In order to attract some of the finest works into national ownership the government offers a financial incentive to those administering estates. The sweetener consists of a 25% “cash-back” calculated against the inheritance tax that would normally have been due.

Example: Mr Gombrich’s estate contains an important Modern British work on paper. At date of death the piece was valued by an independent expert at £100,000. Mr Gombrich’s son is the sole residuary beneficiary and executor and decides to offer the painting in lieu of the inheritance tax liability of £40,000. The AIL Panel confirm the piece to be pre-eminent and agree a value of £100,000. The douceur is calculated as 25% of the inheritance tax due on the painting: 25% x £40,000 = £10,000. Gombrich junior receives £70,000 for the piece, the tax liability is cleared and the nation gains a pre-eminent work for the public to enjoy.

Conclusion

Every case will be different. The scheme offers an opportunity to make a not-insignificant tax saving whilst also having the benefit making the item(s) available for the appreciation of the general public. At the same time do bear in mind that there will be occasions when an item might achieve a better overall result (tax liability included) when sold on the open market (or indeed by a private sale). If you are considering your options I would be very pleased to advise.

Dying without a Will

The intestacy rules (when you die without a valid will) are set by law and can be summarised as follows:-

  • Married/civil partner with no children. If you die without a Will everything goes to the spouse or civil partner
  • Married/civil partner with children, and you die without a Will assets up to £250,000 and personal possessions (not land) go to the spouse or civil partner. Assets above that limit are split 50/50 between the spouse and the children.
  • Unmarried, living with someone, with or without children, if you die without a Will the cohabitee receives nothing. Where there are children and/or grandchildren, they get everything. Where there are no children, the deceased’s assets go to their siblings and parents.

Where there are no children or other dependants, no parents, grandparents, siblings, cousins, nephews, nieces or aunts and uncles (blood relatives not relatives by marriage), the whole estate goes to the Crown. To have share in the estate the cohabitant would have to make a formal claim under the Inheritance (Provision for Family and Dependants) Act unless all other potential beneficiaries were over 18 and agreed that some assets passed to the co-habitant.

What does all this means for inheritance tax

One of the key inheritance tax perks is that spouses/civil partners can bequeath any amount to each other tax free. However giving assets to children will trigger an inheritance tax bill if the gift exceeds the “nil rate band” or threshold of £325,000 per person plus an additional sum (currently £125,000 as long as the whole estate is not worth more than £2.2Million) in relation to homes passed to direct descendants.  If everything passes to a spouse/civil partner, then on their death, the first spouse/partner’s tax free threshold can be added to their own – thus doubling what can pass before tax. Everything that passes down above the tax free allowances is taxed at 40% of that value.

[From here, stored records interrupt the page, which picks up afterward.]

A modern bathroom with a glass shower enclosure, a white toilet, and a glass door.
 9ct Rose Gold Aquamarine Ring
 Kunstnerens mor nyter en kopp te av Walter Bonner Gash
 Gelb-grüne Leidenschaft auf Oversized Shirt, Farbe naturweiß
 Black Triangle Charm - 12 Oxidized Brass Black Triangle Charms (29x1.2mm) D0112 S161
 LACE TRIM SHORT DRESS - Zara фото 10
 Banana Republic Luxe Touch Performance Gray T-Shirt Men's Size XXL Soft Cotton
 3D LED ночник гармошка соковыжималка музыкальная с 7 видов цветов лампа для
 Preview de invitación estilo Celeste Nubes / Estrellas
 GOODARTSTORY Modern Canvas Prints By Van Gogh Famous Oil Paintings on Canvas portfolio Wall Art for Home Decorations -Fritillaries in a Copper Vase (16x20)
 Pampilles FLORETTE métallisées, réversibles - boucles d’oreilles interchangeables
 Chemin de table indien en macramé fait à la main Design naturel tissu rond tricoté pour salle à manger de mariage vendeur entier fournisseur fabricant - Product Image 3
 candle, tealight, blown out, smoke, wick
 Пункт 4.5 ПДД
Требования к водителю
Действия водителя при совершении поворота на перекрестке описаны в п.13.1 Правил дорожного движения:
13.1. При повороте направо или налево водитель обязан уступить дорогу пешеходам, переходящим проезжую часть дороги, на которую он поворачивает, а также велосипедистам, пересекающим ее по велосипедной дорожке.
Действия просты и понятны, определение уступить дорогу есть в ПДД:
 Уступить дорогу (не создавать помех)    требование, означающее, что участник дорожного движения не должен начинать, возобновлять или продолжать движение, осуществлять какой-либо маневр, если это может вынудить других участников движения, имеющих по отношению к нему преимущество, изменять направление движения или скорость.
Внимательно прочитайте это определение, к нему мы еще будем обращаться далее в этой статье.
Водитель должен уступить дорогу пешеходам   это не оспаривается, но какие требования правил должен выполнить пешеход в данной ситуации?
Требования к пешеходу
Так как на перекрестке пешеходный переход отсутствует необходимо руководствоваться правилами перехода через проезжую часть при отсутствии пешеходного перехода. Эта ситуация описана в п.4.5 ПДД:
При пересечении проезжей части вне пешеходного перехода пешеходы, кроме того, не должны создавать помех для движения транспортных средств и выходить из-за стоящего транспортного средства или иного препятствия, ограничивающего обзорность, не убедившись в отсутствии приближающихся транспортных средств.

Avoiding the intestacy rules, is not the only reason it is a good idea to make a Will. With a Will:-

  • You leave clear instructions about how your estate is to be distributed.
  • You choose your own executors – the people who manage the estate.
  • You appoint guardians to look after your children if they are under 18, until they come of age. You can also make financial arrangements for their benefit.
  • You can make specific gifts to friends or family. These can range from items of jewellery to sums of cash.
  • If you have remarried, you can ensure any children from your first marriage get a share of your estate.
  • You to make gifts to charities
  • You may avoid family disputes.

And just in case you were wondering, making a Will does not bring forward the date of your death!